O que esses quatro pontos têm em comum? Terminam contando a favor de Fernando Henrique. Em seus embates com a oposição, o presidente sempre insistiu na tese da "complexidade", na "ética da responsabilidade", na idéia de que passou o tempo das contraposições ideológicas rígidas. Esse discurso (que deu o tom abertamente conservador do governo FHC) foi absorvido e apreendido na prática pelo PT.
Votou-se contra o governo, mas sem que Fernando Henrique fosse contestado. Nos últimos quatro anos, o presidente pairou confortavelmente acima do seu próprio governo; quanto mais o país afunda, mais se experimenta a insustentável leveza de FHC.

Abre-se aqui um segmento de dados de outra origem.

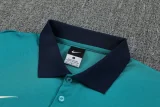 25-26 Club America Green Polo Tracksuit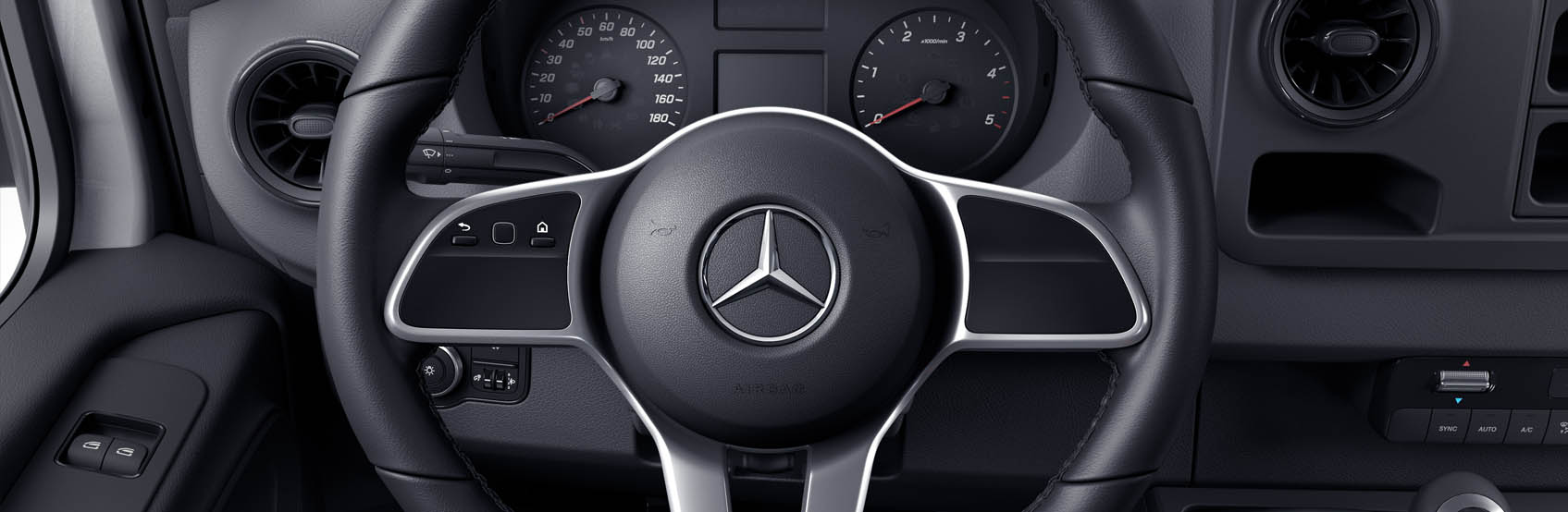 mercedes benz sprinter luxury van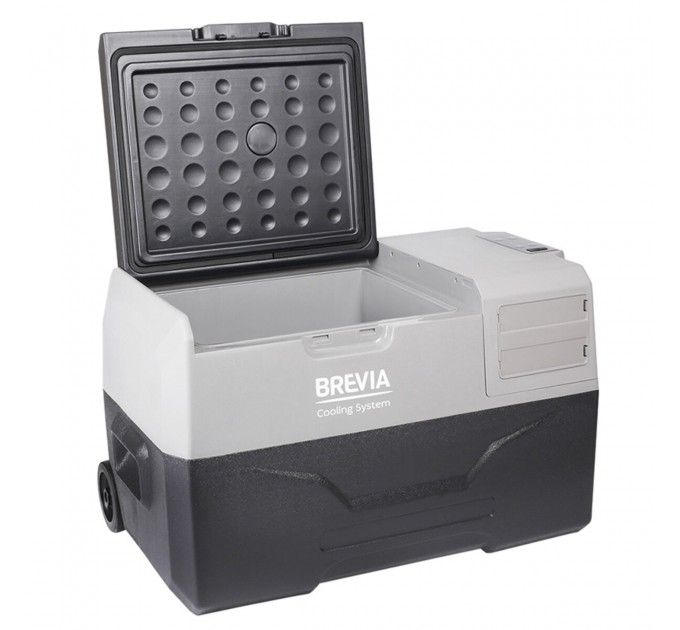 Холодильник автомобильный Brevia 30л 22710, цена: 13 399 грн.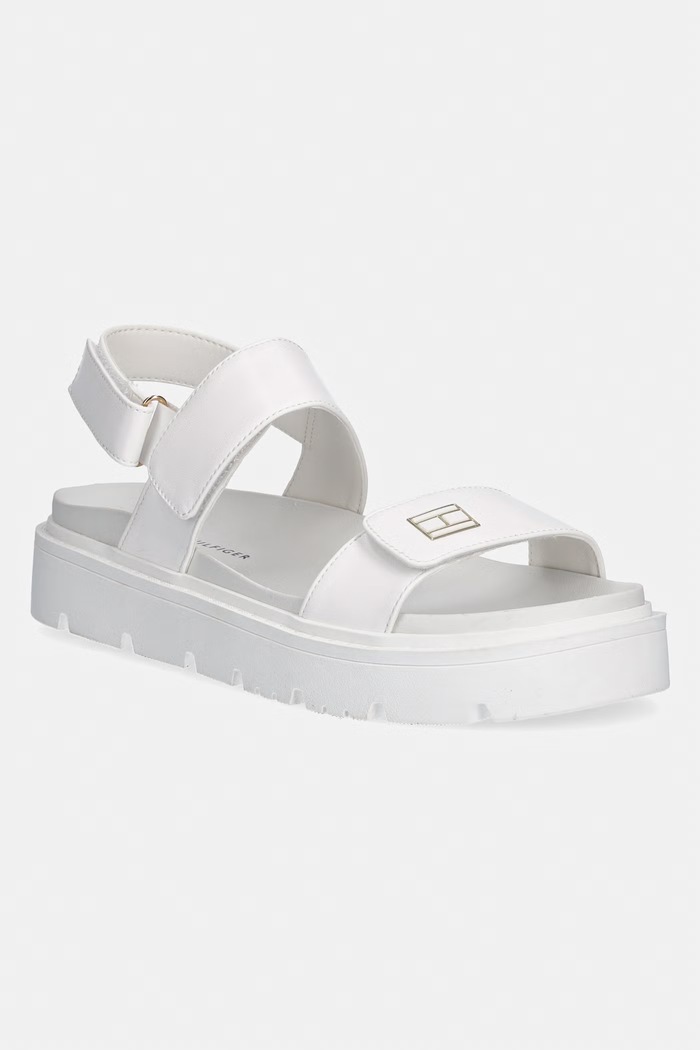 Tommy Hilfiger sandały dziecięce biały T3A2.34284.35.40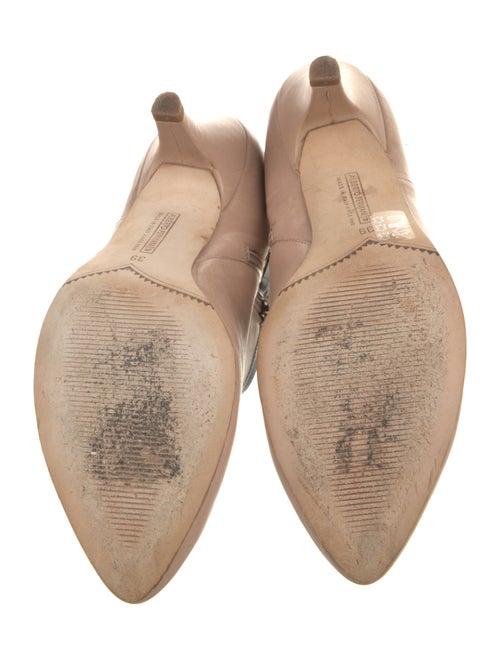 Alberto Fermani Leather Boots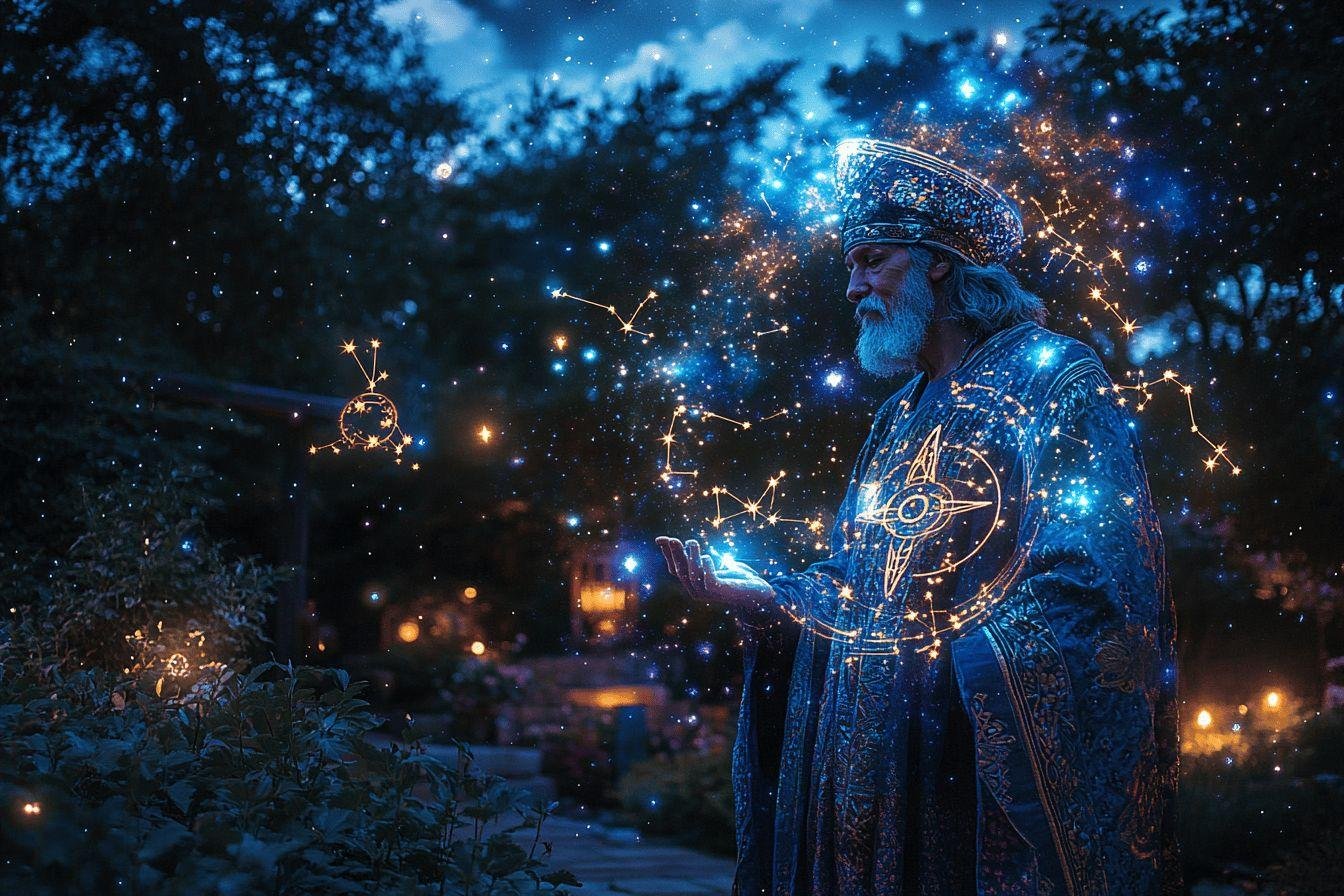 Les Prévisions Astrologiques de Christopher Renstrom pour le Vendredi 12 Septembre 2025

Não querendo se identificar com um governo fraco, Serra foi ambíguo durante a campanha. O resultado é que Fernando Henrique acabou livre de se ver identificado com a baixa votação de Serra.

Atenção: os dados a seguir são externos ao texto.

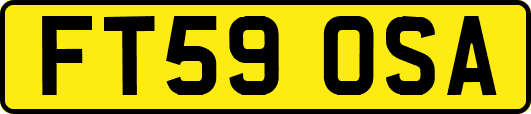 FT59OSA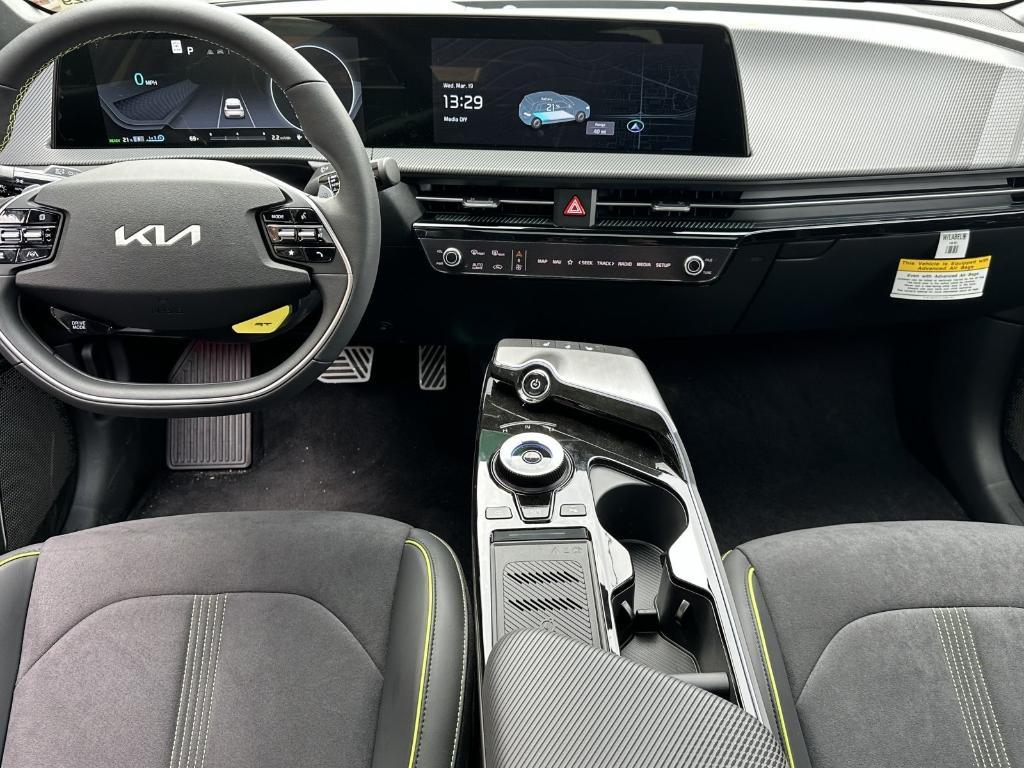 used 2024 Kia EV6 car, priced at $48,888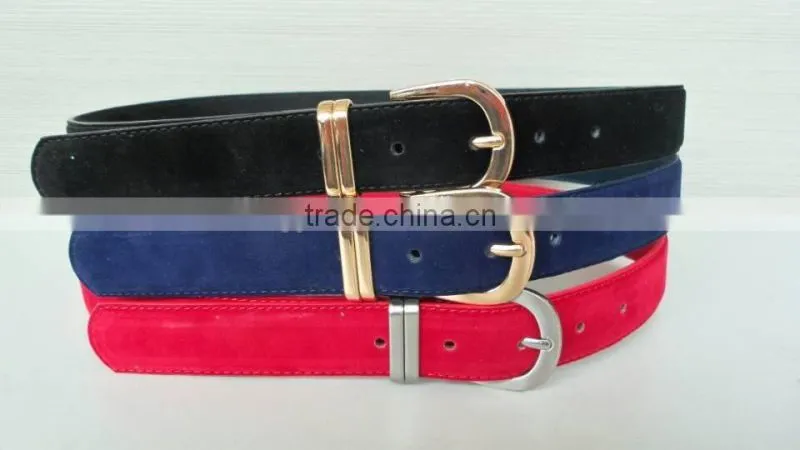 Basic PU belt for Women -- H1412058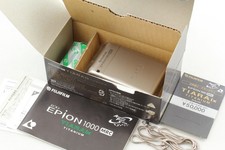 MINT in Box Fujifilm Epion 1000 MRC Tiara ix Titanium APS Camera From JAPAN
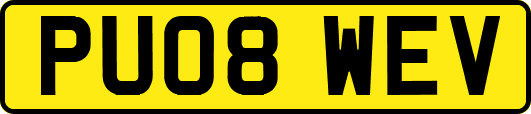 PU08WEV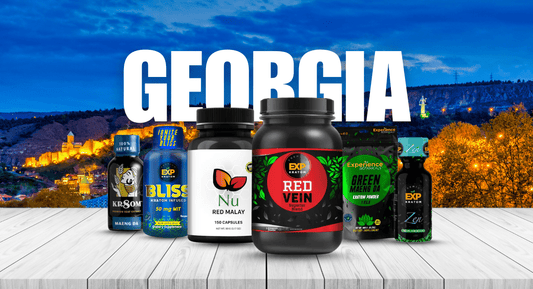 Kratom Near Georgia products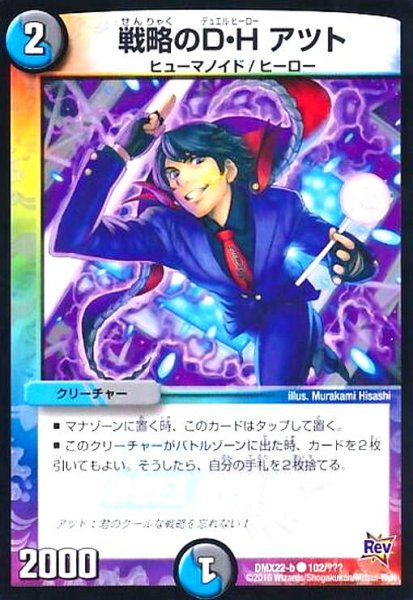 画像1: 戦略のDHアツト (1)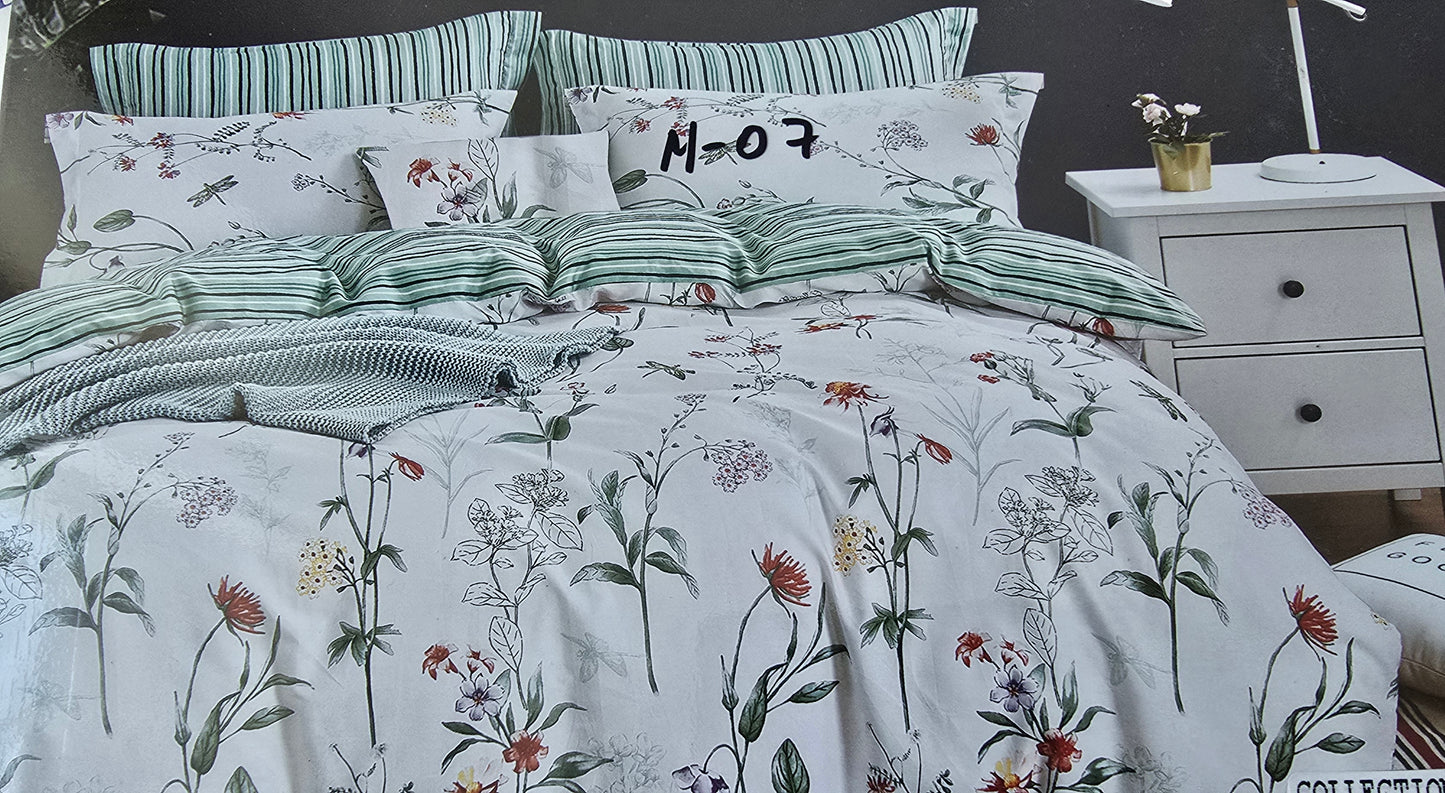 Bed linen set 160/200 (M-07)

E até se pode dizer que FHC finalmente se livrou do famoso episódio de 1985, quando engasgou na pergunta sobre se acreditava em Deus. Conseguiu tornar tão carolas os seus adversários -e também tão carolas os seus aliados- que é quase como se tivesse se declarado ateu de uma vez por todas.
Falta de demagogia mas também falta de projeto; um certo cinismo difuso e afável, que se confunde com a crítica ao maniqueísmo; um certo senso de responsabilidade, que não exclui a idéia de lavar as mãos diante do fato consumado -tudo isso faz parte do legado de Fernando Henrique e impôs a sua marca também sobre o marketing eleitoral neste primeiro turno. Veremos se persiste a partir de agora.